Markov-Chain Transformers

Updated 4 July 2026

Markov-Chain Transformers are a family of models that replace full-history dependence with finite-memory or state-based systems, leveraging Markov structures for prediction.
They implement various techniques such as finite-order decoders, bounded-context CRFs, and explicit state bottlenecks to streamline sequence generation and improve interpretability.
Empirical analyses demonstrate that careful design of masked attention and state abstractions yields performance comparable to traditional autoregressive methods in machine translation and recommendation tasks.

Markov-Chain Transformers designate a family of transformer models, training procedures, and analytical frameworks in which sequence prediction is constrained, factorized, or interpreted through Markov structure. In the literature, the term covers at least five distinct but related ideas: finite-order decoder models whose next token depends only on a bounded output history; transformers whose self-attention is exactly re-expressed as a context-conditioned Markov chain; transformers trained to estimate unknown transition kernels in context; architectures that force prediction to pass through an explicit intermediate “state” such as Chain-of-Thought; and interpretability frameworks that extract coarse Markovian state dynamics from hidden activations (Du et al., 2024, Ildiz et al., 2024, Lepage et al., 5 Aug 2025, Viteri et al., 2024, X, 20 May 2026).

1. Major meanings of the term

The phrase is not standardized.
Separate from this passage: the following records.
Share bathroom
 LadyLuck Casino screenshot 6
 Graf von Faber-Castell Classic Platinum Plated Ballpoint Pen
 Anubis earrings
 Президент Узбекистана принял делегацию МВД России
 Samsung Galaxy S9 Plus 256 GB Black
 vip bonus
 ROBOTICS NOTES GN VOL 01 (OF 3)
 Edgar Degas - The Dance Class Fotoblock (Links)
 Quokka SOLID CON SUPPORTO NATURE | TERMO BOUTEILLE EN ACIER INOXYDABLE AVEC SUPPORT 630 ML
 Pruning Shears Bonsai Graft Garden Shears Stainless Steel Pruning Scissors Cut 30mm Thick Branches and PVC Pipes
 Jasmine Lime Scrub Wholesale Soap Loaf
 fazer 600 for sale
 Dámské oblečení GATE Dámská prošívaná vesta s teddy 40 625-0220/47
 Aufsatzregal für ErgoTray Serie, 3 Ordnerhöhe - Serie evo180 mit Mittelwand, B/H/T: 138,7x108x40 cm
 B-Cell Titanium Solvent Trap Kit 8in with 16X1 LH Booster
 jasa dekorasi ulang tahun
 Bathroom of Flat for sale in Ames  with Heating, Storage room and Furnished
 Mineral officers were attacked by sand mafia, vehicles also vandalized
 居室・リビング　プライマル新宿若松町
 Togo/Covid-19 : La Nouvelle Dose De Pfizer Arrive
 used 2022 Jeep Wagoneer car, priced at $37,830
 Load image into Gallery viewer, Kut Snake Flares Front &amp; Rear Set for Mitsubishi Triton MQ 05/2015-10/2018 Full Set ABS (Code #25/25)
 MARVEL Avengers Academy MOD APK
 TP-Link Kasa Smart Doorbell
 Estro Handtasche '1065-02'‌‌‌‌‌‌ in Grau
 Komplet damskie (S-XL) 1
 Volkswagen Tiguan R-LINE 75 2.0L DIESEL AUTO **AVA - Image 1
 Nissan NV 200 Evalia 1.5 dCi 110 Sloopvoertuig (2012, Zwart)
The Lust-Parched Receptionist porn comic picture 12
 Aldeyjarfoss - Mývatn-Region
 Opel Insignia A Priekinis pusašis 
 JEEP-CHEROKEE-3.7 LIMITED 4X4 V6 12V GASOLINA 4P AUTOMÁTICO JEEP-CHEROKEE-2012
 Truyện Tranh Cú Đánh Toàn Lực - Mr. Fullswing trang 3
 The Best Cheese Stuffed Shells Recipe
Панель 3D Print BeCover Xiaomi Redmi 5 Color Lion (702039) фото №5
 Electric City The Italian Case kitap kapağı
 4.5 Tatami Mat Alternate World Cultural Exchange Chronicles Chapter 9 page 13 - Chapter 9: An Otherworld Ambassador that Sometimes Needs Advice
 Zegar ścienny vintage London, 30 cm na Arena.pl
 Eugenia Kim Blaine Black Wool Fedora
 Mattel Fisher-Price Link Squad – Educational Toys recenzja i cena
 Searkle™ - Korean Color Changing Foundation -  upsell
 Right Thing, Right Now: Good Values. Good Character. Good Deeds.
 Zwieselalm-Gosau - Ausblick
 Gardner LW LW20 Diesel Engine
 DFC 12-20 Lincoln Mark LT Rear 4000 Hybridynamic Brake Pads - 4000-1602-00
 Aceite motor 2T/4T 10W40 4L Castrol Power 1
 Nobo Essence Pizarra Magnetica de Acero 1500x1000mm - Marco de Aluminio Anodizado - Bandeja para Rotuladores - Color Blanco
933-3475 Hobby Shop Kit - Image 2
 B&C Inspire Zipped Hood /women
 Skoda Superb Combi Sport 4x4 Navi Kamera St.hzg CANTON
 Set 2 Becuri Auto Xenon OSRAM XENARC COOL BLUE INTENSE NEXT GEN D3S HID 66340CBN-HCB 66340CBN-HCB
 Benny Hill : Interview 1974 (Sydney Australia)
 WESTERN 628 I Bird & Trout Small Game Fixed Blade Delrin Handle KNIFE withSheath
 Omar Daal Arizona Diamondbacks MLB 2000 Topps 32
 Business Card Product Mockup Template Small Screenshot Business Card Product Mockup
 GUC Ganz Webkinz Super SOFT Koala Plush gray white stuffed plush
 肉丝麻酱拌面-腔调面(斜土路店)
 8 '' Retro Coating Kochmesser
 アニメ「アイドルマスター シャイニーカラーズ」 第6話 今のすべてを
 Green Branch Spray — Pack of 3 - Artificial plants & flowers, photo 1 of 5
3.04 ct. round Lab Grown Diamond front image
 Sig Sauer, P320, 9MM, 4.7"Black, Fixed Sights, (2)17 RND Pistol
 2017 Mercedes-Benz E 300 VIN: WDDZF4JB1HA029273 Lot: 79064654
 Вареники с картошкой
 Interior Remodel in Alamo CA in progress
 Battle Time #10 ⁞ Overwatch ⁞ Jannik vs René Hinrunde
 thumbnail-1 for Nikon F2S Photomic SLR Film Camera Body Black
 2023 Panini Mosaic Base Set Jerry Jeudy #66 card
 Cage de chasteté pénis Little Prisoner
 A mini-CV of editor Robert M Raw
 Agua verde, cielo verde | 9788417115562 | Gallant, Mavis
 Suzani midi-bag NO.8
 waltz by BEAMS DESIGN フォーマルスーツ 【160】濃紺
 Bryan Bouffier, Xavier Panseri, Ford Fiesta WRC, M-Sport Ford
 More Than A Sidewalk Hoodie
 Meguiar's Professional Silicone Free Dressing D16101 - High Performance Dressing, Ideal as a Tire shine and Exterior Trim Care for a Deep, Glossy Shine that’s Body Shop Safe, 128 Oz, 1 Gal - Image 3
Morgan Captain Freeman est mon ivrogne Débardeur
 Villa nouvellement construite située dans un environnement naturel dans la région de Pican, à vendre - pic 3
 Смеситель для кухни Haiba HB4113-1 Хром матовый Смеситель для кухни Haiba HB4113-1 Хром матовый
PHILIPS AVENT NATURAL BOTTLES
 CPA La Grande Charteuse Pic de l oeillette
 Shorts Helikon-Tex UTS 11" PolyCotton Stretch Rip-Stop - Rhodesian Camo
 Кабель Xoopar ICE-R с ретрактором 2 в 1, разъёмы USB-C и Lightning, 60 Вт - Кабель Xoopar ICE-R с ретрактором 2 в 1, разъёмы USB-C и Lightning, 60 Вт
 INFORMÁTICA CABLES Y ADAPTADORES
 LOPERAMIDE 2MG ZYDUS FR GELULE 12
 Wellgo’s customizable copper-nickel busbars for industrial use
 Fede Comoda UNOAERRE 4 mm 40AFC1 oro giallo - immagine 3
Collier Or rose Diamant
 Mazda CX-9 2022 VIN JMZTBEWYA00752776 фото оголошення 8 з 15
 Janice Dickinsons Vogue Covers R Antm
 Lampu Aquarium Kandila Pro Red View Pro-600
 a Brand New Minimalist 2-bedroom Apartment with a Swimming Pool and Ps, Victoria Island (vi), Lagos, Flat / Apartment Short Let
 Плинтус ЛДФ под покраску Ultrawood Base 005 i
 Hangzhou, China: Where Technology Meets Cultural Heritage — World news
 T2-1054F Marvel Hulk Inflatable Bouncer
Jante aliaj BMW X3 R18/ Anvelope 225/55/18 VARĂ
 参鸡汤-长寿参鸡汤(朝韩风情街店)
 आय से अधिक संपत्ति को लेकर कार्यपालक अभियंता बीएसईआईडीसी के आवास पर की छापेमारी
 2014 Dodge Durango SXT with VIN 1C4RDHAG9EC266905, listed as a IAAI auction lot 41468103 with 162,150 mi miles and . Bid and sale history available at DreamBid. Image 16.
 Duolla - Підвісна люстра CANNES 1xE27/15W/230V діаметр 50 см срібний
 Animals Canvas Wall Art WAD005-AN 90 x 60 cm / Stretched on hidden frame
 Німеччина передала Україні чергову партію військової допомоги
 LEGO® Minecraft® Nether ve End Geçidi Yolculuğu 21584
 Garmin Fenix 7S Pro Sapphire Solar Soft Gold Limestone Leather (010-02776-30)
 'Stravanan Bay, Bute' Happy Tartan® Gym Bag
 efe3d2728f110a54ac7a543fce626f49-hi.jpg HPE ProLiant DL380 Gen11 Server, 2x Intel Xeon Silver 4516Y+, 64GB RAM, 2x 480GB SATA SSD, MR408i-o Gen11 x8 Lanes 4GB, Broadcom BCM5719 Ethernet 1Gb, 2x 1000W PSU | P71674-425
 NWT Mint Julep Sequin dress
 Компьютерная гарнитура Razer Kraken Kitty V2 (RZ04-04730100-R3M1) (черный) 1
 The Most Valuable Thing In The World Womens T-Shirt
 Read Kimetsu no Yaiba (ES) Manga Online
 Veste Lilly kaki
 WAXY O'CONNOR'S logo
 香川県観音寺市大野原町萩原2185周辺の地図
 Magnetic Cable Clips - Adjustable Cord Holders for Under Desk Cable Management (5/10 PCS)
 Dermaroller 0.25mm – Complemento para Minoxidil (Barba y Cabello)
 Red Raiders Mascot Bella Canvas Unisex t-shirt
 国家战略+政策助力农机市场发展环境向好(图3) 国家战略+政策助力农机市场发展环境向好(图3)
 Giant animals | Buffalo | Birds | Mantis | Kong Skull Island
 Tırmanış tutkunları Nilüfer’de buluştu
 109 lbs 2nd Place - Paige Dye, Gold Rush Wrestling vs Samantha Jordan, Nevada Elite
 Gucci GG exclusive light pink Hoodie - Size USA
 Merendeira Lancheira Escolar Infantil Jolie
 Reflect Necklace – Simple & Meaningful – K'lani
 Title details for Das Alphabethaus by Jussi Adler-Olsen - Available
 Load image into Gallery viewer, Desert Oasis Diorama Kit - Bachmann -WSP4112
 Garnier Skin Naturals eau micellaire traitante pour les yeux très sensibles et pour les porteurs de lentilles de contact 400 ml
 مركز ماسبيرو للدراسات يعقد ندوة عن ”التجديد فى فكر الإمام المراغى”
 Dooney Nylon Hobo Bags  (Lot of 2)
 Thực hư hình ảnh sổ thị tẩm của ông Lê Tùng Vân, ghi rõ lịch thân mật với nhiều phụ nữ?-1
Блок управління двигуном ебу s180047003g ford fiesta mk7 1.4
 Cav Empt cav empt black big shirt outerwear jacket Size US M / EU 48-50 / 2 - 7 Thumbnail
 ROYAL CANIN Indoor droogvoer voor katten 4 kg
Some papers use it for models with an explicit finite-order Markov property on the decoder side, some for bounded-order CRF-style generation, some for latent-state or bottleneck factorizations, and some for analytical equivalences between self-attention and Markov processes. What unifies these uses is the attempt to replace unrestricted full-history dependence by a state variable, bounded context, or state-transition abstraction that is sufficient for prediction.

Usage in the literature	Core Markov object	Representative paper
Finite-order decoder	$P(y_n \mid X, y_{<n}) = P(y_n \mid X, y_{n-k:n-1})$	MAT (Du et al., 2024)
Bounded-context CRF decoder	Order- $M$ local potentials over target spans	Markov Transformer (Deng et al., 2020)
Self-attention as Markov dynamics	Context-conditioned Markov chain over tokens	CCMC (Ildiz et al., 2024)
In-context transition estimation	Online estimation of a transition matrix from context	ICL estimation (Lepage et al., 5 Aug 2025)
Explicit natural-language state	$q \rightarrow \mathrm{CoT} \rightarrow \mathrm{ans}$ bottleneck	Markovian CoT (Viteri et al., 2024)
Hidden-state abstraction	Belief-like state transitions in activations	MCT (X, 20 May 2026)

A broad synthesis is that “Markov-Chain Transformer” names a research program rather than a single architecture. The common question is whether transformer computation can be understood as operating on a sufficient state—explicit, implicit, learned, or extracted—rather than on unrestricted raw history.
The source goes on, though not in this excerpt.